Wikipédia en délire : Drumont et le sionisme

Lu sur la notice « Sionisme » de Wikipedia ce début de paragraphe hallucinant visant à expliquer que « tous les antisémites historiques n’ont cependant pas été antisionistes » :

Édouard Drumont, fondateur d’une ligue nationale antisémitique de France en 1890, s’enthousiasme pour le livre de Herzl, L’État juif, et participe au premier congrès sioniste de Bâle en 1897.

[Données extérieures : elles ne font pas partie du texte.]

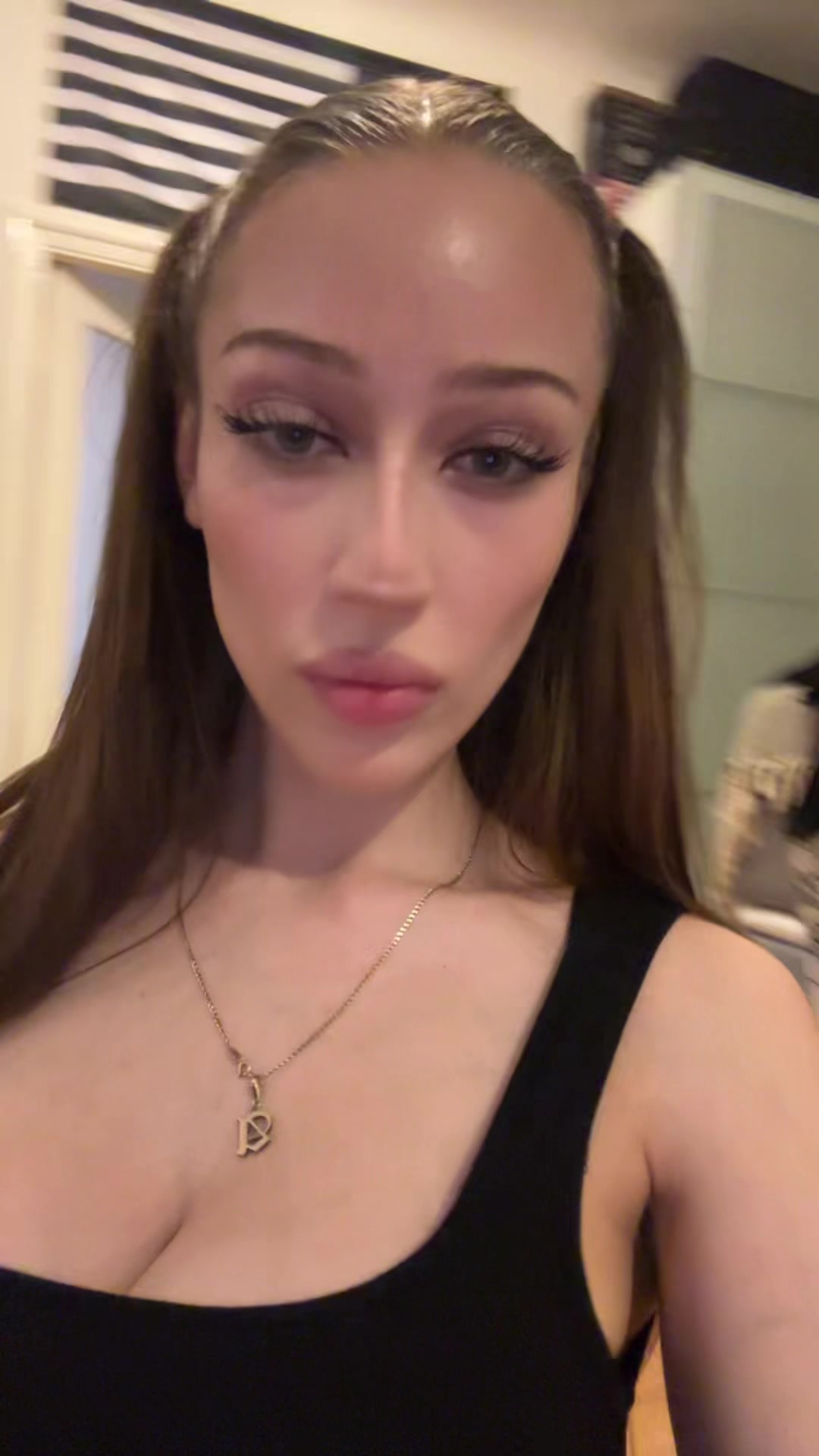 @hellcazlookneon
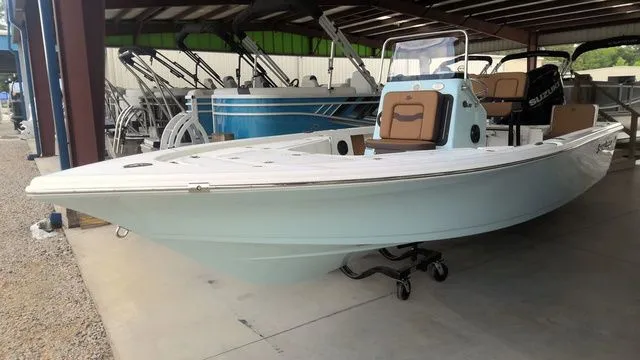 The Image of Sea Pro 210 Bay 2026 - 1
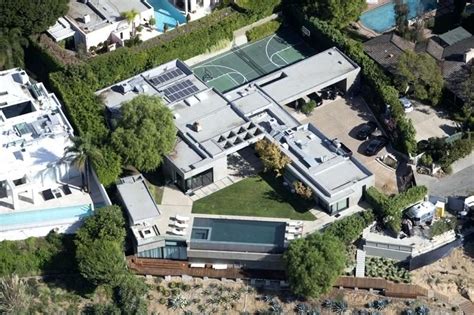 Leonardo DiCaprio House: A $60M Empire, Island Included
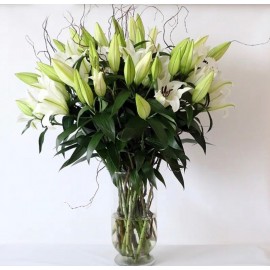 Интерьерная ваза с белыми лилиями 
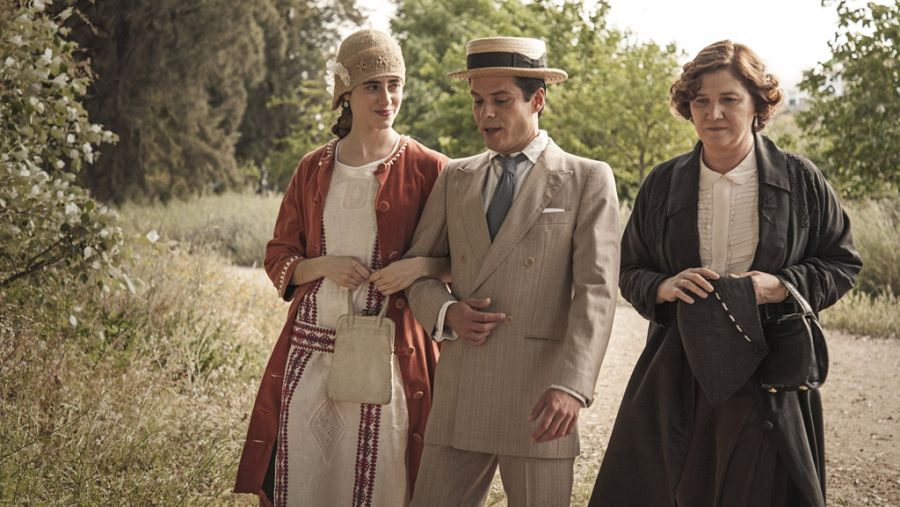 Luisa, Arcadio y María Jesús pasean juntos por Sevilla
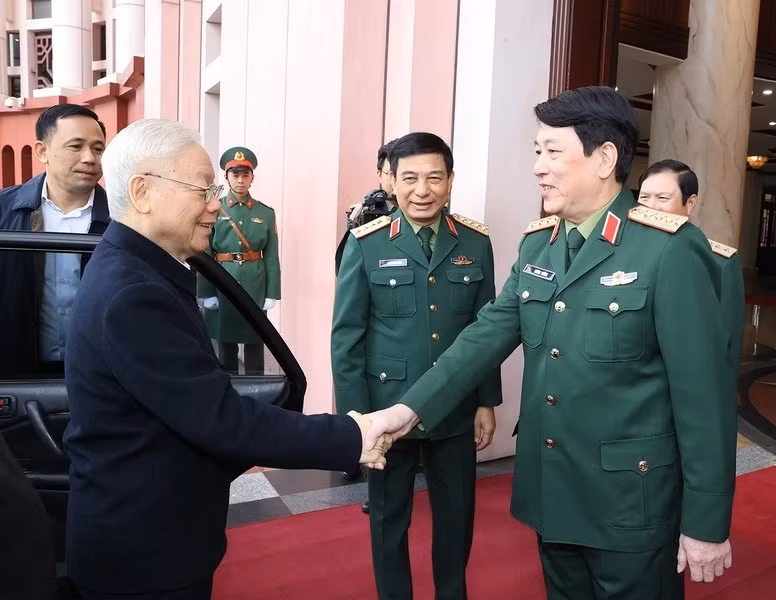 Tổng Bí thư Nguyễn Phú Trọng tới dự Hội nghị Quân ủy Trung ương. (Ảnh: Trí Dũng/TTXVN)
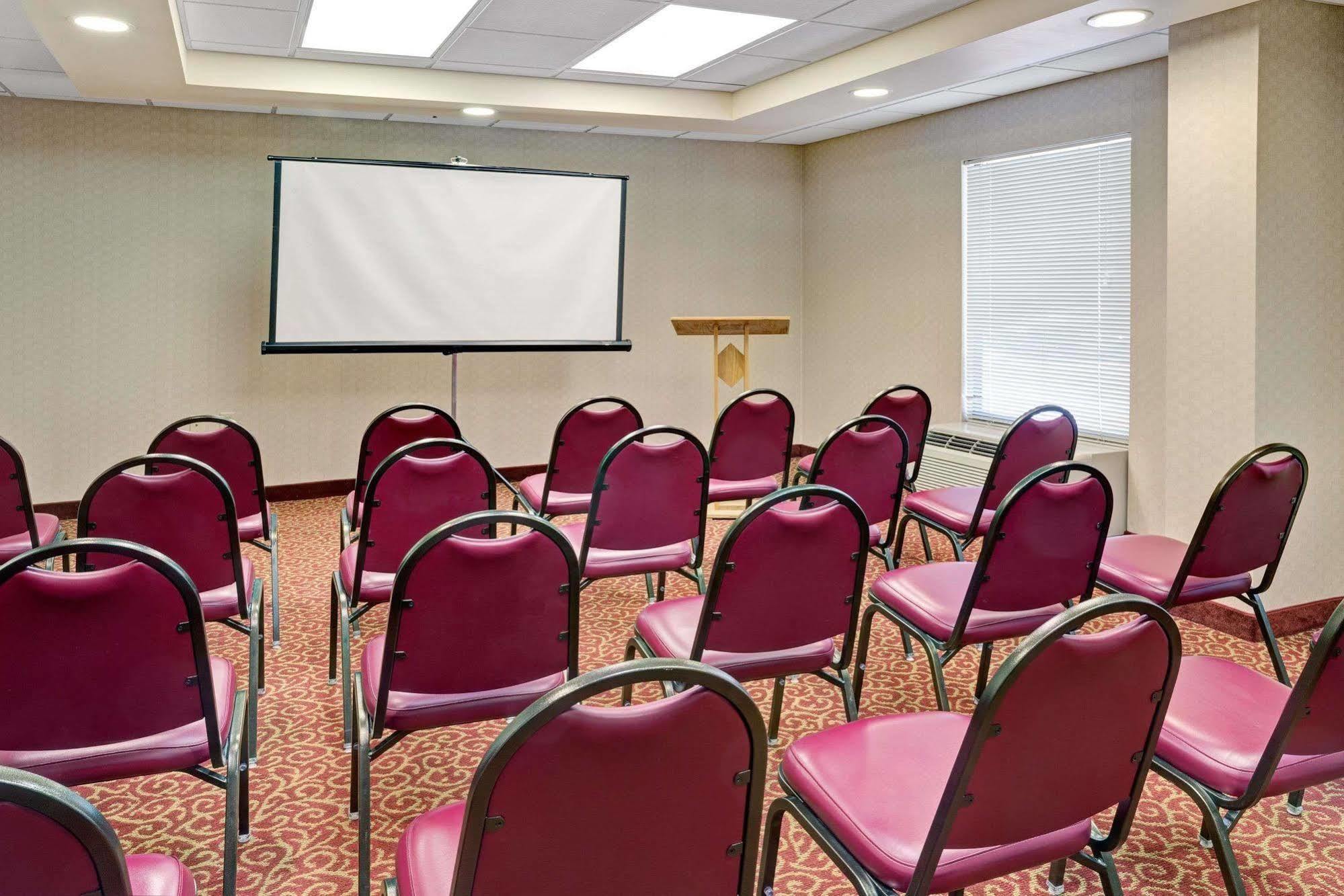 Days Inn - Chapel Hill Luaran gambar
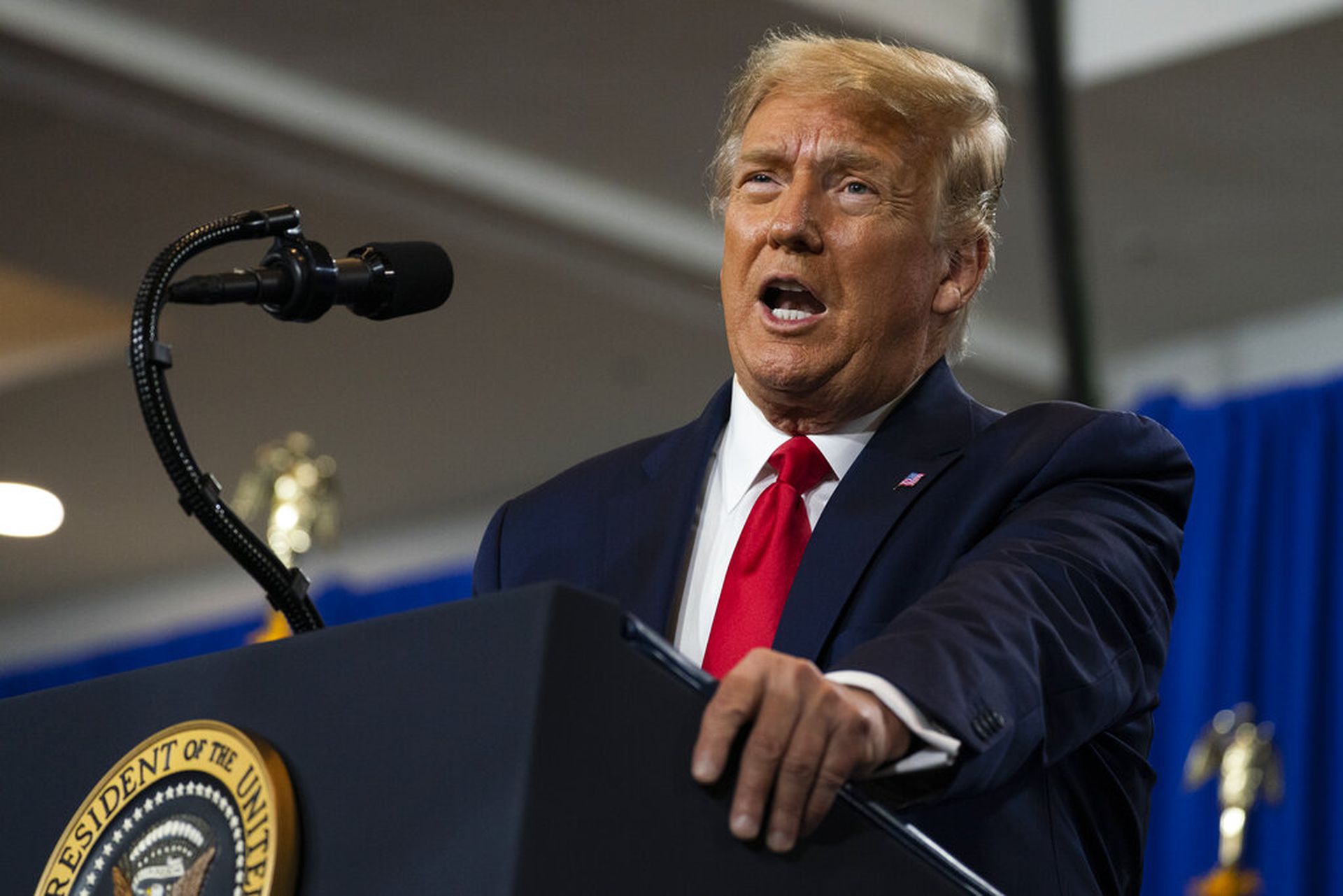 美国大选 特朗普批拜登家族为犯罪集团支持者高呼把他关起来 多维新闻 全球 美国大选 特朗普批拜登家族为犯罪集团支持者高呼把他关起来 多维新闻 全球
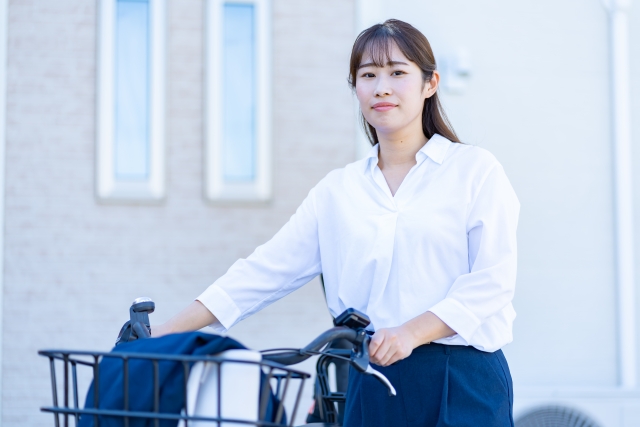 自転車を押す女性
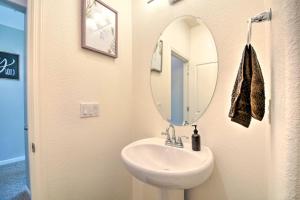 4 Mi to City Center Family-Friendly Retreat!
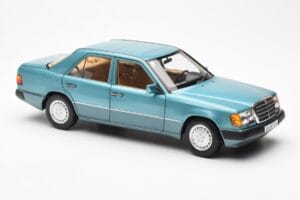 Mercedes 230E W124 Beryl Metallic Dealer Edition Norev 1:18 B66040698 Diecast — photo 6 of 8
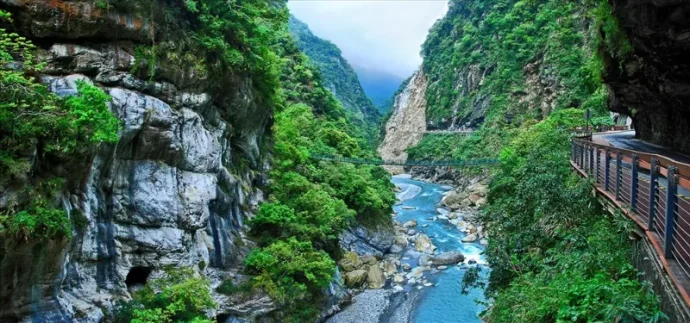 Công viên quốc gia Taroko ghi điểm với cảnh sắc thiên nhiên hùng vĩ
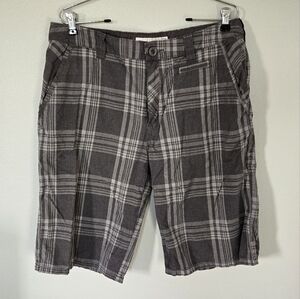 BKE Gray plaid Mens Shorts size 33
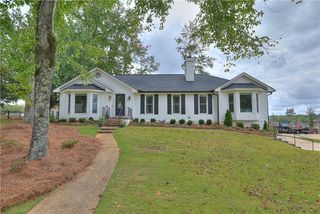 1902 Northgate Dr, Opelika, AL 36801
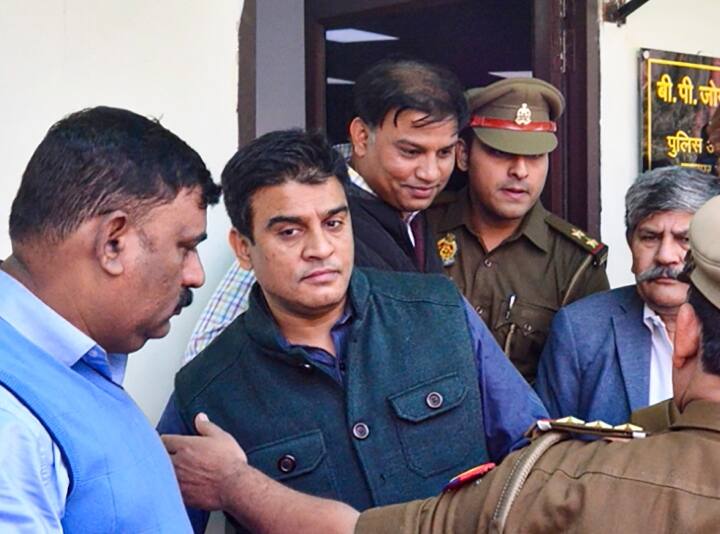 SP MLA Irfan Solanki: कोर्ट में बार-बार पेशी से परेशान हुए इरफान सोलंकी, रमजान का हवाला देकर लगाई गुहार sp mla Irfan Solanki requested court to hear cases through video conferencing ann SP MLA Irfan Solanki: कोर्ट में बार-बार पेशी से परेशान हुए इरफान सोलंकी, रमजान का हवाला देकर लगाई गुहार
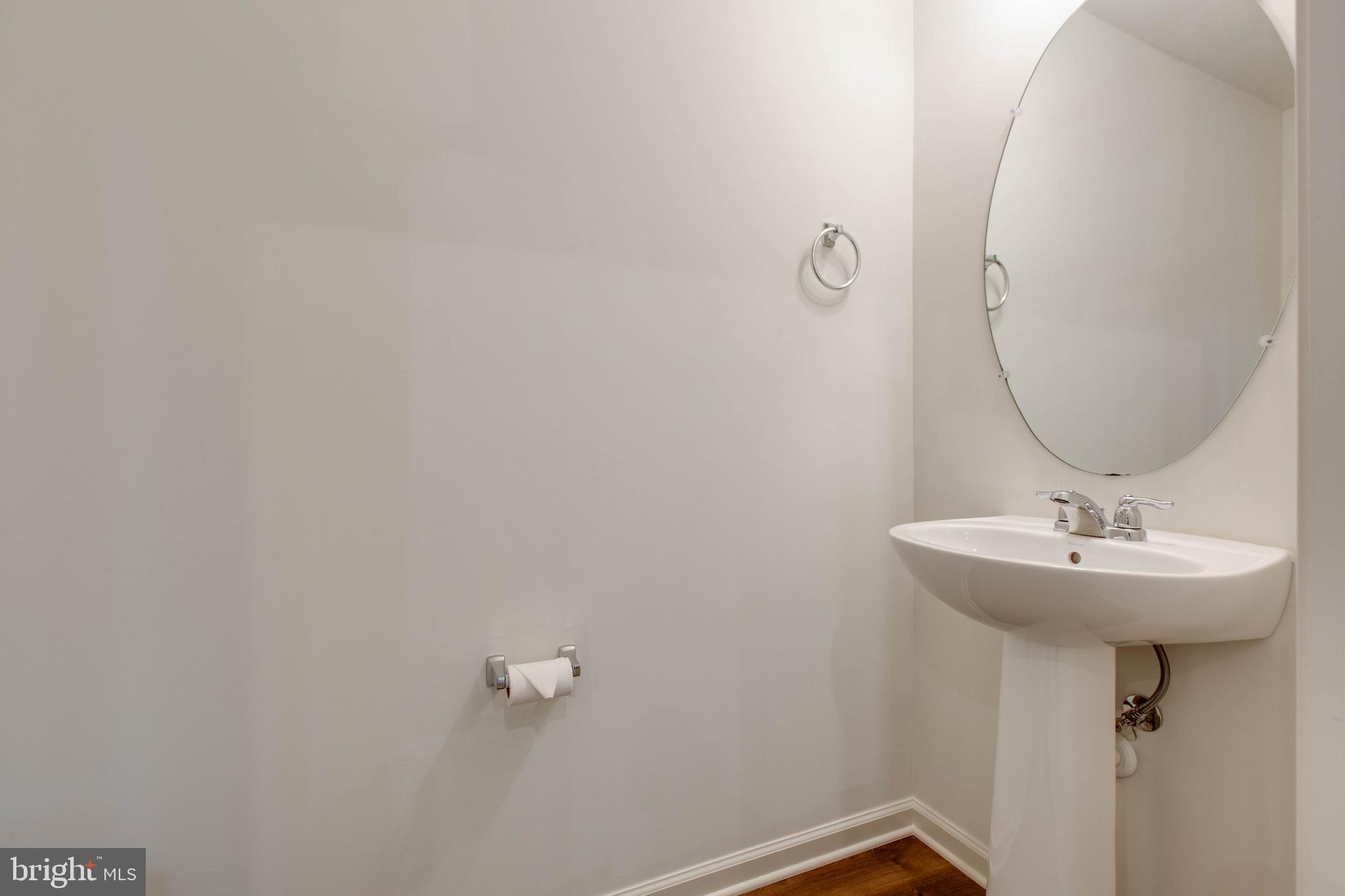 THE RIDGES - Residential Lease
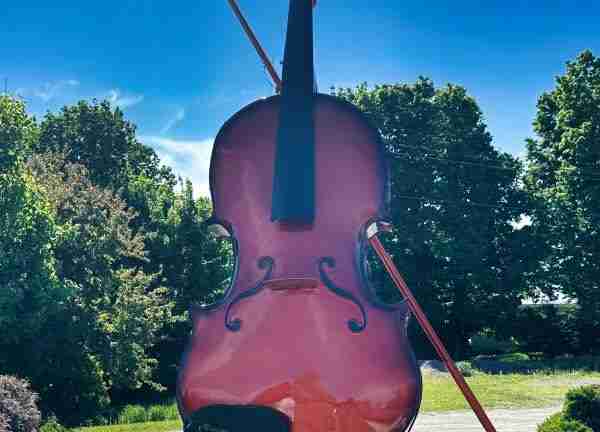 Don Messers fiddle Monument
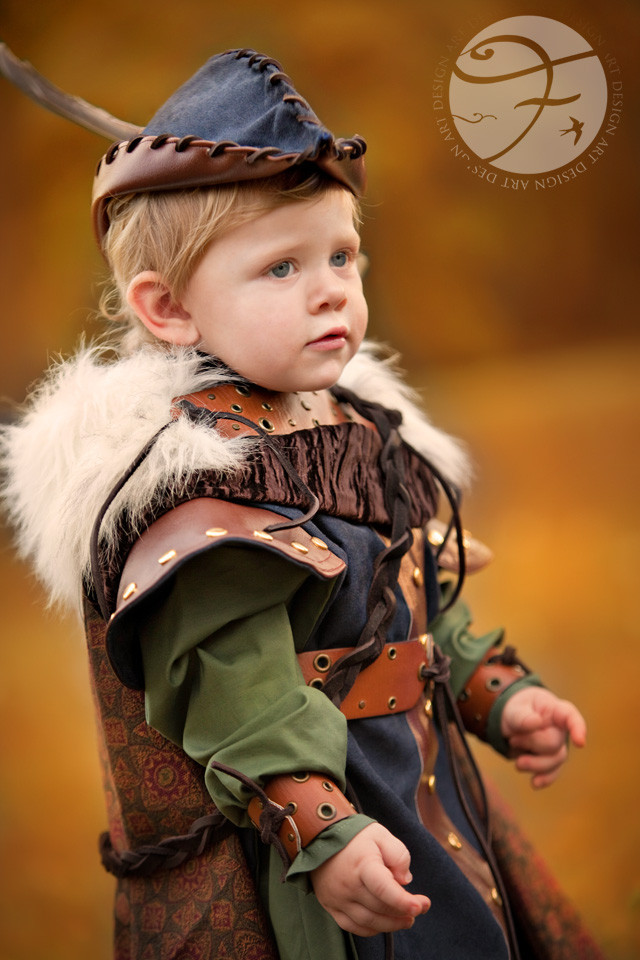 DIY Robin Hood Costume
 Robin Hood – A boy’s costume NOT found in Gotham City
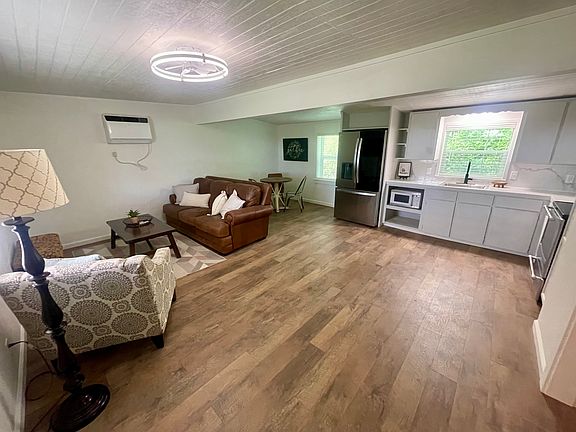 2nd image of 333 W 47th St #3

« S’enthousiasme », « participe »… Drumont ne s’enthousiasma pour rien du tout… Il rendit compte de la publication en revue du texte d’Herzl pour dire que ce qu’il venait de lire confirmait ce qu’il avait toujours dit, à savoir que les juifs « constituent une race » et, s’il ne s’enthousiasma pas, il vit avec un certain plaisir le projet qu’un juif pouvait proposer à ses coreligionnaires de quitter la France (« Une solution de la question juive », La Libre Parole, 16 janvier 1897) : « Les juifs font leur bonheur en faisant le nôtre » (« Le congrès de Bâle. Le sionisme », La Libre Parole, 30 août 1897). Mais surtout, ce que Drumont aimait en Herzl, dans la lecture qu’il avait pu en faire, était avant tout – pure instrumentalisation – une expression, celle de « légitime défense » qu’il avait employée pour qualifier l’attitude de certains antisémites. C’est ainsi qu’il notait :

Pour aujourd’hui nous ayons simplement voulu montrer une fois de plus combien les idées qui excitent encore les quolibets et les haussements d’épaules de certains plaisantins retardataires, préoccupent les penseurs sérieux d’Israël qui, en réalité, sont, comme je l’ai dit, d’accord avec nous sur les points essentiels. Ils ne voient pas en nous des énergumènes, des maniaques, des êtres barbares et sans cœur, mais des citoyens qui usent du droit de légitime défense. Le mot est en toutes lettres dans le docteur Herzl. L’Antisémitisme est pour chaque pays une question exclusivement nationale, une question économique et sociale, une question de légitime défense. Nous n’avons jamais dit autre chose. (« Une solution de la question juive », La Libre Parole, 16 janvier 1897)

Drumont ne « participa » pas au premier congrès de Bâle. À quel titre y aurait-il participé ? Un « correspondant particulier » le couvrit pour son journal – comme ce fut le cas pour tous les journaux – et c’est tout ! Ce n’est pas autre chose que ce que dit Grégoire Kauffmann dans son Drumont (Perrin, 2008, p. 318), référence pour le moins abusive donnée en note dans la notice Wikipédia pour justifier cette « participation »… Et Drumont et ses amis furent tellement enthousiastes, que l’année suivante, au paroxysme de l’Affaire, c’est en ces termes que Jean Froissard parlait du deuxième congrès dans La Libre Parole : 

Il a une bonne presse, ce congrès. Des journaux graves lui consacrent des colonnes, le protestantisme et le Judaïsme s’unissent dans une touchante communauté pour célébrer Herzl et Mandelstam, et dans la salle du casino de la ville de Bâle, Jéhovah est Dieu et Bernard Lazarre [sic] est son prophète. C’est tout juste si le portrait de Dreyfus ne figure pas à la place consacrée au Christ dans les congrès chrétiens.
En réalité, ce congrès sioniste est tout simplement un des épisodes de la campagne en faveur de Dreyfus dont les étrangers, soutenus par quelques Français oublieux de leur patrie et de leur devoir, nous infligent depuis un an et demi l’abominable spectacle.
Nous les retrouvons là, les Max Nordau, les Bernard Lazare, et tutti quanti, les avocats du traître ; sous prétexte de Sionisme, on acclame Zola, Trarieux et Scheurer-Kestner, et dans les intervalles des séances publiques, la presse juive et judaïsante, dont les correspondants pullulent, prépare ses nouvelles campagnes antifrançaises dont nous verrons bientôt les effets.